What to do: Give the listing again exactly, skipping any pictures it holds.
═══
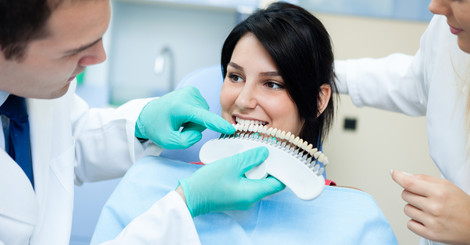 Spoľahnite sa pri bielení zubov na odborníkov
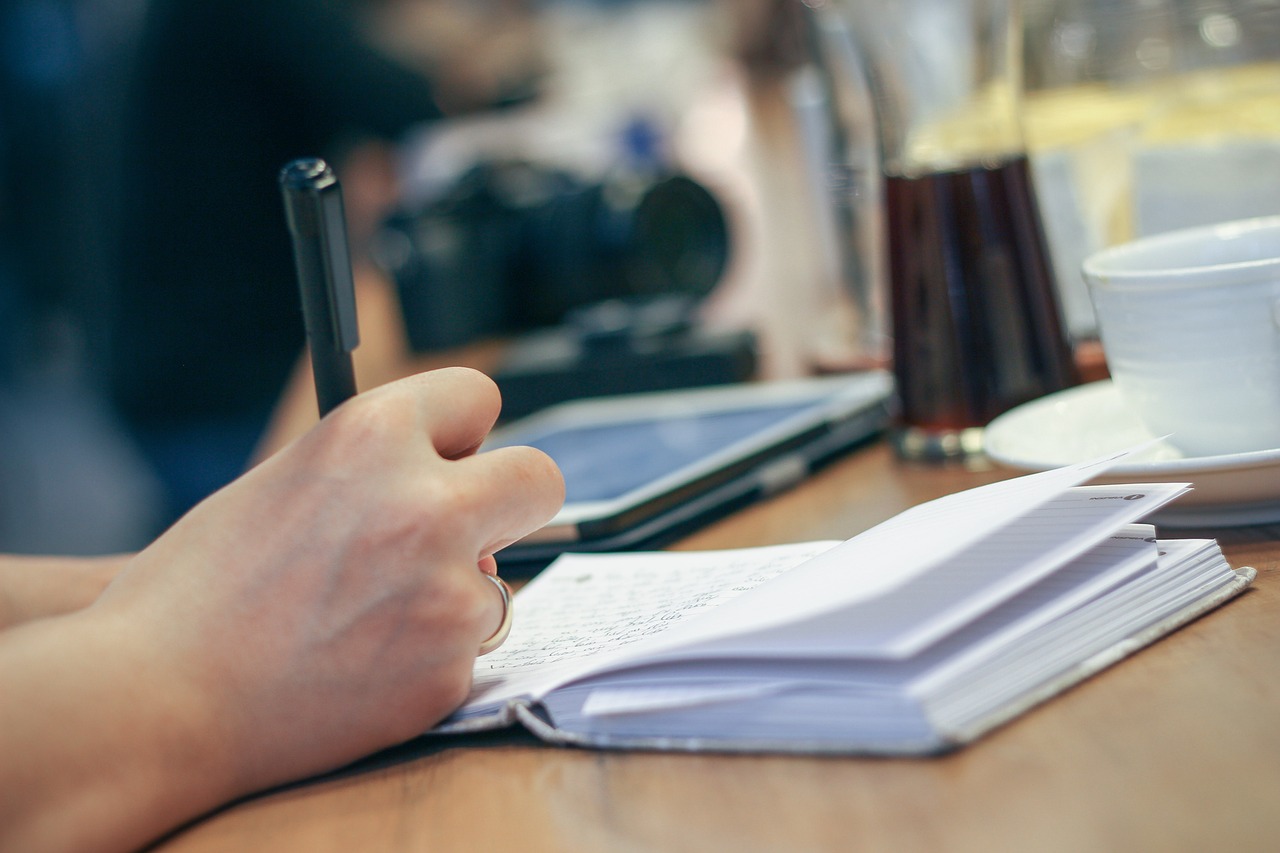 How to Study the Bible Effectively: 7 Proven Methods for Deeper Understanding
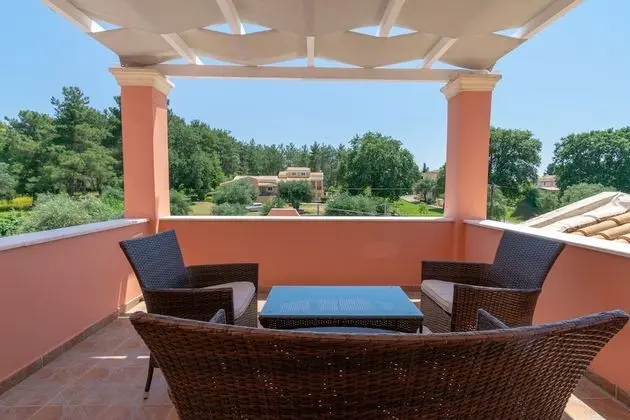 Villa, 5 Yatak Odası, Kişiye Özel Havuzlu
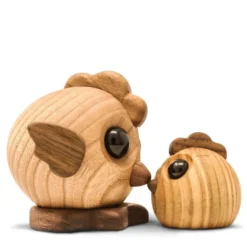 Viola kyckling träfigur 5 cm ask/valnöt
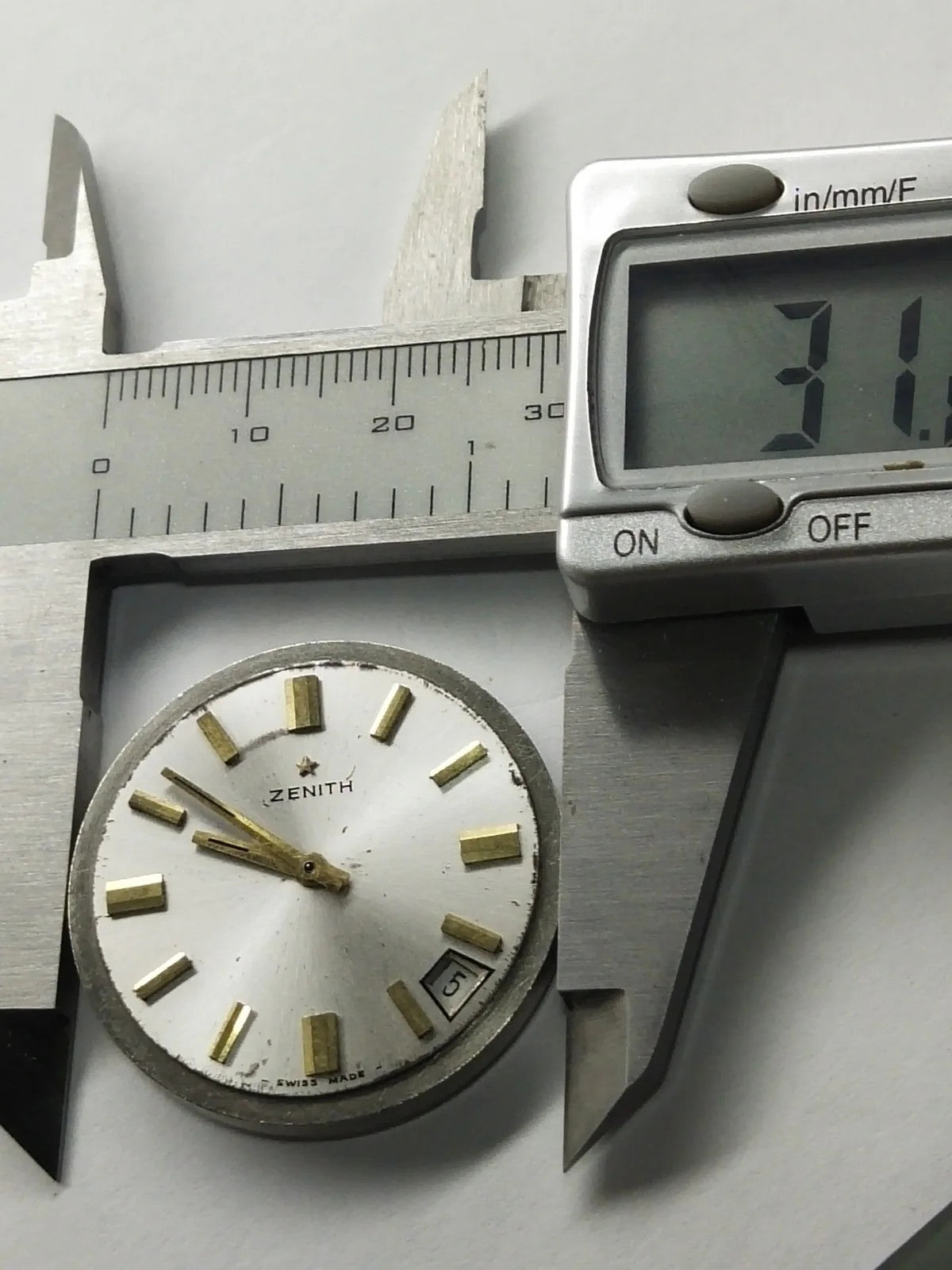 Zenith Manual /2523C/ Movement Used working With dial and hands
═══
Response to this exercise:
 Spoľahnite sa pri bielení zubov na odborníkov
 How to Study the Bible Effectively: 7 Proven Methods for Deeper Understanding
 Villa, 5 Yatak Odası, Kişiye Özel Havuzlu
 Viola kyckling träfigur 5 cm ask/valnöt
 Zenith Manual /2523C/ Movement Used working With dial and hands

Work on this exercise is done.